One of the biggest changes to the new SAT is the addition of a good number of statistics and research design questions. Although most SAT math is now algebra, statistics have surpassed geometry as the second most tested math type.

The problem? Students learn very little about statistics in school. And, even students who take AP stats usually take it AFTER they take the SAT.

So, what do students need to know?

Critically, all students should be able to read all kinds of graphs and charts: pie charts, line charts, bar charts, scatterplots, stem-and-leaf plots, box-and-whisker plots, frequency tables, and two-way frequency tables.

Students should know that when they read a chart or graph, they should make sure to read the title and the colum/row headers and/or axes labels. Often our assumptions about what's in a graph cloud our ability to see what is actually in a graph or chart.

Students should be able to extra data from these charts and graphs and then calculate and compare measures of central tendency from the data (mean, median, and mode) as well as the minimum, maximum, and range.  Students do not need to be able to calculate standard deviation, but they should understand it conceptually (and be able to say if a dataset has a large or small standard deviation).

Students should also be able to calculate probability -- including probability based on information provided in a chart or table.

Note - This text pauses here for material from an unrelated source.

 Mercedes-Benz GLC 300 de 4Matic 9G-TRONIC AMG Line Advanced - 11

These questions are all clearly math.  Where SAT goes a little off the rails is that it also tests research design strategies. Now, it's true that the California middle school math curriculum includes a day or two on sampling: random sampling vs. convenience sampling vs. snowball sampling, etc.  But almost none of our students really understands these lessons (perhaps because their teachers don't really understand or perhaps because the kids just don't know enough about research to get it, even with a great teacher).  I didn't learn any of this information until graduate school (specifically, when I took, and then TAed a graduate level research design class!).

So, I, personally, welcomed the changes to SAT. Understanding research is a good life skill. And, I feel comfortable teaching it.  But, it's been interesting to watch SAT tutors as they assimilate the new informatino and figure out the best ways to teach it. Our next few BoostBlog posts will revolve around the stats questions on the SAT.

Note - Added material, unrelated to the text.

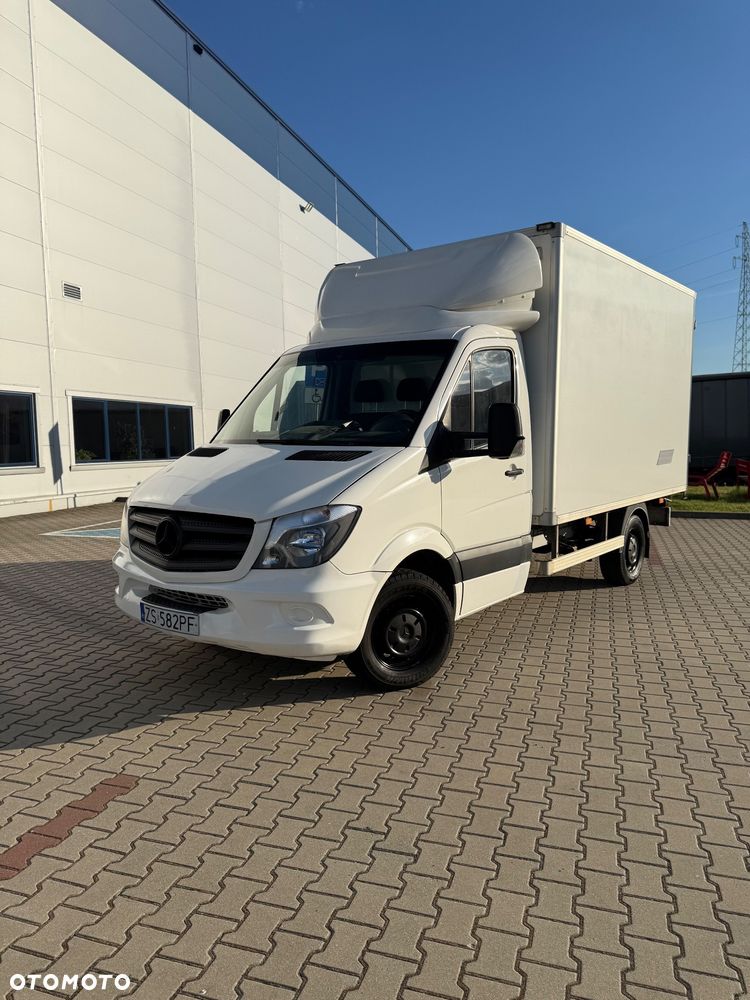 Mercedes-Benz Sprinter - 3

As food for thought, considering the following question, one that is from a released SAT test, and that some students can figure out using common sense (but they still flail as they try to figure out why they know the answer), but that is baffling to others that don't have a sense of research design or sampling.

The members of a city council wanted to assess the opinions of all city residents about converting an open field into a dog park.  The council surveyed a sample of 500 city residents who own dogs. The survey showed that the majority of those sampled were in favor of the dog park. Which of the following is true about the city council's survey?

1. It shows that the majority of city residents are in favor of the dog park.
2. The survey sample should have included more residents who are dog owners.
3. The survey sample should have consisted entirely of residents who do not own dogs.
4. The survey sample is biased because it is not representative of all city residents.

What do you think?

When you pull a random sample of a population, you can generalize to the population you sampled from.  So a random sample of 500 dog owners would allow the city to say that the majority of dog owners favor the dog park. But the sample in the question above was not random -- and even if it was, it could not generalize to all city residents (because it didn't pull from a population of all city residents).  It's hard to say who the sample should have included (you include those from the population you want to talk about), but it's definitely biased.  And it's the worst kind of biased: it contains a bias that is related to the survey question. This is not a good survey question.  So, the answer is D.